‘Dancing Doctor’ agrees to two-and-a-half-year license suspension

‘Dancing Doctor’ agrees to two-and-a-half-year license suspension
Dr. Windell Boutte

“The Dancing Doctor” has agreed to give up her medical license for at least two and a half years, according to an agreement filed Friday with the Georgia Composite Medical Board.

The consent order signed by Windell Boutte, a board-certified dermatologist, says that her license to practice medicine in Georgia is indefinitely suspended, but after two and a half years she can petition to have the suspension lifted.

She cannot use the title “doctor” or engage in the practice of medicine during her suspension, the document says, and will drop her own court case in which she seeks a temporary restraining order.

The publicist team for Boutte issued this statement: “Windell Davis-Boutte respects the process and has voluntarily accepted the consent order for suspension. She is hopeful that the suspension will be lifted and she is able to practice Medicine at some point in the near future.”

The consent order doesn’t mention the now-deleted YouTube videos of Boutte during medical procedures. In one video, she dances with surgical instruments in both hands and leans leans over a patient’s half-bare buttocks while rapping her own lyrics to Migos’ “Bad and Boujee.”

The consent order, instead, describes seven instances of questionable treatment between 2014 and 2018 for patients who underwent procedures such as liposuction, fat transfer or breast augmentation.
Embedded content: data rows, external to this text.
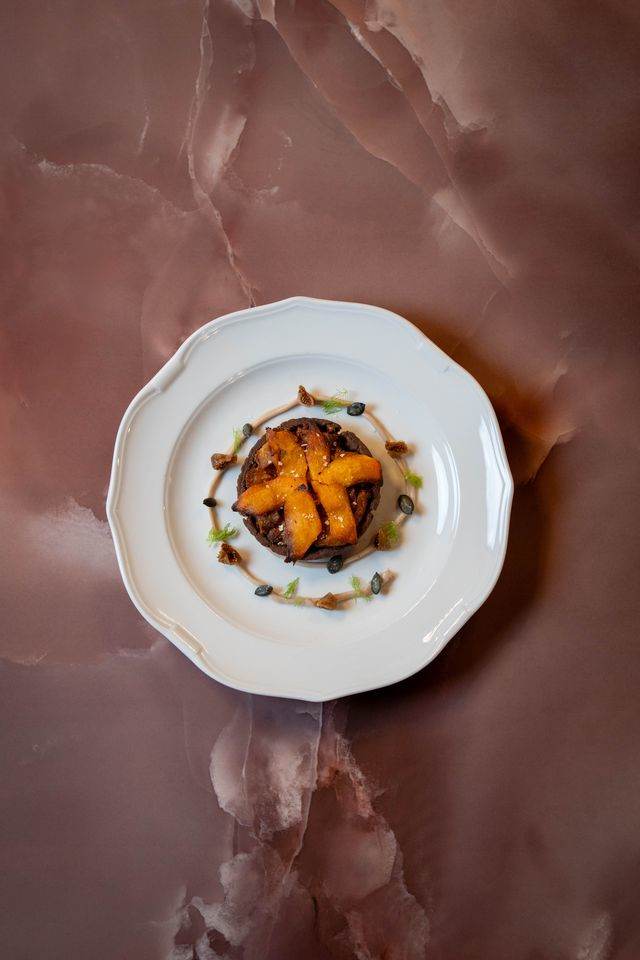 Crostatina di frolla al cacao con zucca e gorgonzola stagionato, crema di castagne e fichi secchi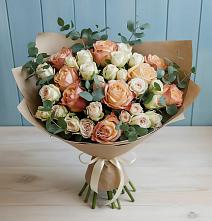 Букет цветов из:  Альстромерии и Розы в Гончарку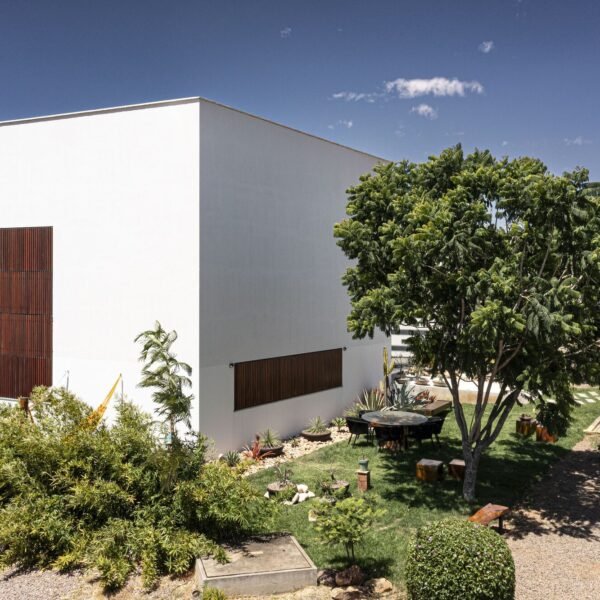 Lins Arquitetos Associados - Residencia VM (Joana França)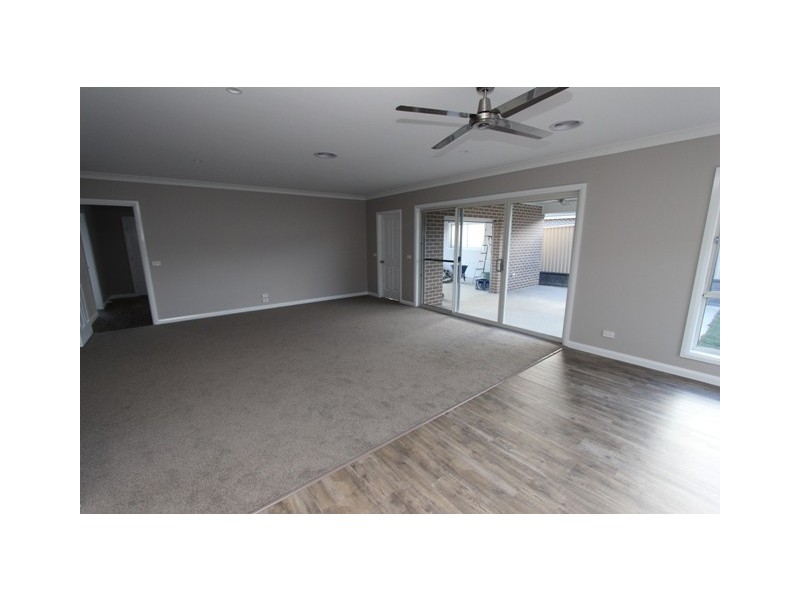 2 Cassidy Way, Kelso NSW 2795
CNN’s sister network, HLN, found five malpractice lawsuits pending against Boutte. She has reached four settlements. HLN has not found judgments decided against her, but female patients with lawsuits claim they’ve suffered infections, disfigurement and even brain damage following procedures at Boutte’s hand.

On June 7, the day after HLN’s interview with Boutte, the Georgia Composite Medical Board suspended Boutte’s license to practice medicine, citing allegations of malpractice regarding her treatment of seven patients.

In the interview with HLN, Boutte defended her music videos.

In most instances, patients chose the tunes for the clips, which lasted 30 to 60 seconds, and gave Boutte direction on when to play certain parts of the songs, Boutte said. The doctor, whose practice is in Lilburn, Georgia, said she also used the music videos as educational tools.

“These were all consented videos. They were staged, they were planned,” Boutte said.